Logo Questions Linux Laravel Mysql Ubuntu Git Menu
 

How to configure a very simple LSTM with Keras / Theano for Regression

I am struggling to configure a Keras LSTM for a simple regression task. There is some very basic explanation at the official page: Keras RNN documentation

But to fully understand, example configurations with example data would be extremely helpful.

I have barely found examples for regression with Keras-LSTM. Most examples are about classification (text or images).
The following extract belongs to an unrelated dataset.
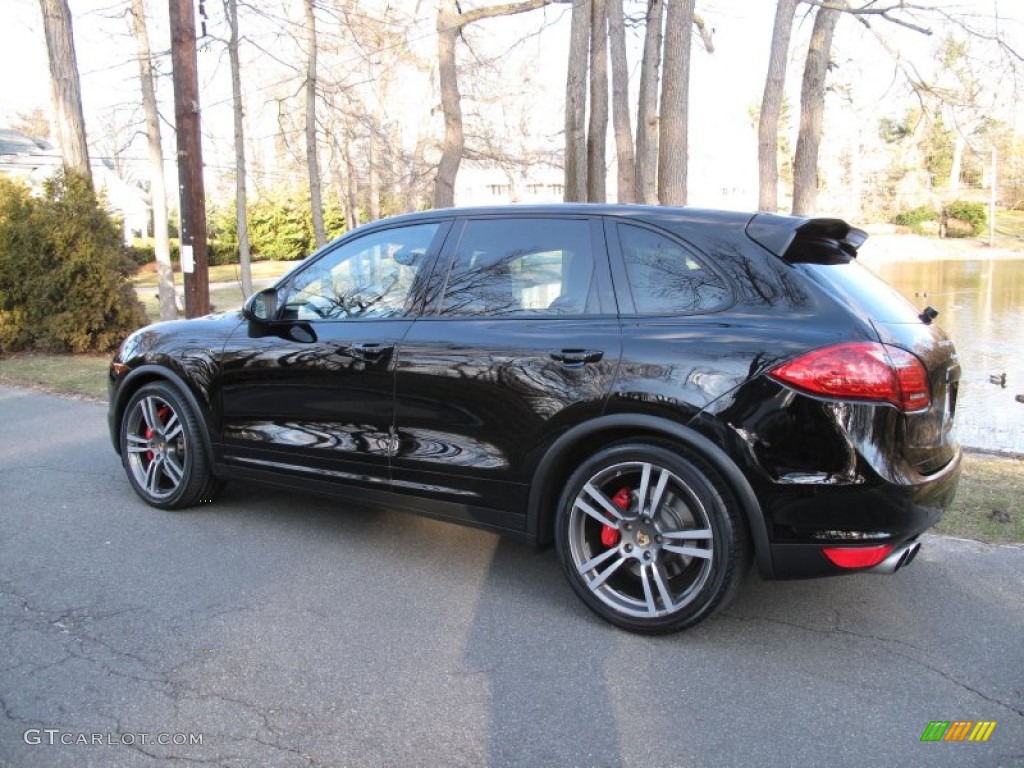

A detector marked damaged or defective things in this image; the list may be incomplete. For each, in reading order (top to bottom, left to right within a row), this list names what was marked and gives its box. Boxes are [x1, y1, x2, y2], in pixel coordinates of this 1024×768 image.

I've studied the LSTM examples which come with the Keras distribution and one example I found through Google search: http://danielhnyk.cz/ It offers some insight, though the author admitts the approach is quite memory-inefficient, since data samples have to be stored very redundantly.

Although, an improvement was introduced by a commentor (Taha), data-storage is still redundant, I doubt this is the way it was meant to be by the Keras developers.

I've downloaded some simple example sequential data, which happens to be stock data from Yahoo finance. It is freely available from Yahoo Finance Data

Date,       Open,      High,      Low,       Close,     Volume,   Adj Close
2016-05-18, 94.160004, 95.209999, 93.889999, 94.559998, 41923100, 94.559998
2016-05-17, 94.550003, 94.699997, 93.010002, 93.489998, 46507400, 93.489998
2016-05-16, 92.389999, 94.389999, 91.650002, 93.879997, 61140600, 93.879997
2016-05-13, 90.00,     91.669998, 90.00,     90.519997, 44188200, 90.519997

The table consists of more than 8900 such lines of Apple stock data. There are 7 columns = data points for each day. The value to predict would be "AdjClose", which is the value at the end of the day

So the goal would be to predict the AdjClose for the next day, based on the sequence of a the previous few days. (This is probably next to impossible, but it is always good to see how a tool behaves under challenging conditions.)

I think this should be a very standard prediction/regression case for LSTM and easily transferrable to other problem domains.

So, how should the data be formatted (X_train, y_train) for minimum redundancy and how do I initialize the Sequential model with only one LSTM layer and a couple of hidden neurons?

Kind Regards, Theo

PS: I started coding this:

...
X_train
Out[6]: 
array([[  2.87500000e+01,   2.88750000e+01,   2.87500000e+01,
      2.87500000e+01,   1.17258400e+08,   4.31358010e-01],
   [  2.73750019e+01,   2.73750019e+01,   2.72500000e+01,
      2.72500000e+01,   4.39712000e+07,   4.08852011e-01],
   [  2.53750000e+01,   2.53750000e+01,   2.52500000e+01,
      2.52500000e+01,   2.64320000e+07,   3.78845006e-01],
   ..., 
   [  9.23899994e+01,   9.43899994e+01,   9.16500015e+01,
      9.38799973e+01,   6.11406000e+07,   9.38799973e+01],
   [  9.45500031e+01,   9.46999969e+01,   9.30100021e+01,
      9.34899979e+01,   4.65074000e+07,   9.34899979e+01],
   [  9.41600037e+01,   9.52099991e+01,   9.38899994e+01,
      9.45599976e+01,   4.19231000e+07,   9.45599976e+01]], dtype=float32)

y_train
Out[7]: 
array([  0.40885201,   0.37884501,   0.38822201, ...,  93.87999725,
   93.48999786,  94.55999756], dtype=float32)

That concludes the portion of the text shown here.